But, as remote and forbidding as it is, this is an ancient human landscape, settled and travelled across for millennia.
For well over a thousand years, camel caravans have traversed the dry sands carrying salt, gold and slaves.
Finally, after another eight hours of driving, we came to the Niger river again. We crossed by ferry and drove the last few miles to our destination.
"Welcome to Timbuktu. The city of 333 saints," read a battered sign along the road.
Soon a low mud gateway appeared in the fading light. It was a disappointing entrance to the fabled city.
A few yards on, goats browsed among piles of garbage. We passed through a few streets with houses of mud and cracked concrete.
There was little to see. The marketplace was filthy and rundown, the people brusque or insisting that we buy their overpriced souvenirs. The heat was near unbearable.
There was, it seemed, not much left of the mystic grandeur of Timbuktu.
We were exhausted and disappointed. Moussa and Ibrahim brewed more tea on the steps of our hotel.
Centre of learning
The next morning we saw the ancient Djingareyber mosque.

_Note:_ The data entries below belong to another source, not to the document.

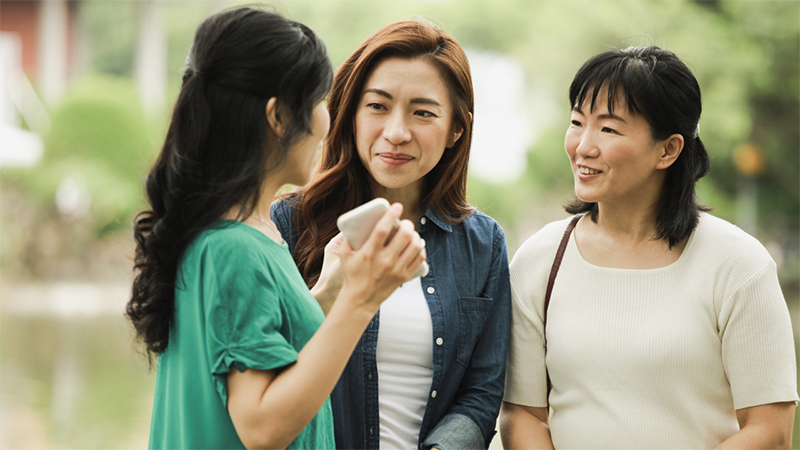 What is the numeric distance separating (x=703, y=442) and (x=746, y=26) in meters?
12.4

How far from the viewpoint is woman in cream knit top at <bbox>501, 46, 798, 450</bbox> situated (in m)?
2.26

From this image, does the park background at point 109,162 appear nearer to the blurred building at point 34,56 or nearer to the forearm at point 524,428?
the blurred building at point 34,56

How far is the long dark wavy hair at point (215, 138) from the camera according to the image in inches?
67.6

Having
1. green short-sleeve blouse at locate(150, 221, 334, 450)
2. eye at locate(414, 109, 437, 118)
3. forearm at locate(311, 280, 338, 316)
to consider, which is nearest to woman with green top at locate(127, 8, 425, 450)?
green short-sleeve blouse at locate(150, 221, 334, 450)

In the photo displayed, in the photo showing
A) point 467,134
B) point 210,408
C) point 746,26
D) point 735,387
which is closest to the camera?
point 210,408

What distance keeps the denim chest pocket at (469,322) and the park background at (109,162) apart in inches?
176

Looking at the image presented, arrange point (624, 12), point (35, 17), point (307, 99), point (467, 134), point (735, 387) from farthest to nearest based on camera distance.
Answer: point (35, 17)
point (624, 12)
point (467, 134)
point (735, 387)
point (307, 99)

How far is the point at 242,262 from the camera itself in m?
1.66

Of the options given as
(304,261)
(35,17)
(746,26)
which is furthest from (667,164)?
(35,17)

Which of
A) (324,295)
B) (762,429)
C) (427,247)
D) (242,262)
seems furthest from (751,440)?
(242,262)

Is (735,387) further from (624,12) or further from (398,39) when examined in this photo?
(624,12)

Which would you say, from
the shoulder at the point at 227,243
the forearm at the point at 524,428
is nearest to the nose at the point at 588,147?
the forearm at the point at 524,428

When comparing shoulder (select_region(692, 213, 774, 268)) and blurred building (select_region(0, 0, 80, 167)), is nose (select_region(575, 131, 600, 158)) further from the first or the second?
blurred building (select_region(0, 0, 80, 167))

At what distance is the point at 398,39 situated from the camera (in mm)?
2447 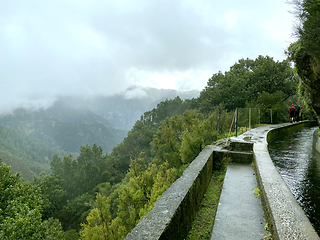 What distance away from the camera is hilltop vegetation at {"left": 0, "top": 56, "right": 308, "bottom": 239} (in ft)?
34.3

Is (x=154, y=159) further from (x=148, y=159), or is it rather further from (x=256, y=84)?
(x=148, y=159)

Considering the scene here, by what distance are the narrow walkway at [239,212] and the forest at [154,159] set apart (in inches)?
49.0

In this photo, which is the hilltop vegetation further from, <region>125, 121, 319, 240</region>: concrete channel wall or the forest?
<region>125, 121, 319, 240</region>: concrete channel wall

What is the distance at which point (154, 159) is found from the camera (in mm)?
29047

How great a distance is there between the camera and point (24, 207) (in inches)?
496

As non-Muslims, we could not enter but inside is an ancient door which, legend says, if it is ever opened, it will signal the end of the world.
A few crowded sandy lanes away is the ancient mud-walled Sankore mosque, the site of Africa's first university.
Timbuktu was once a centre of great learning and there are an estimated 700,000 manuscripts dating back to the 9th Century in its libraries.
Many have been damaged by water, sand and termites, but all of them offer a gateway to a past that has been almost forgotten.
The thousands of leather-bound volumes are filled with beautiful calligraphy, ancient medical secrets and even maps of the stars.
As we walked the streets of the town, I began to see something different about it, that its glory may be gone but its wealth still exists.
What I had learned was that the road to Timbuktu is a journey not only into geography but also into the realm of memory and imagination.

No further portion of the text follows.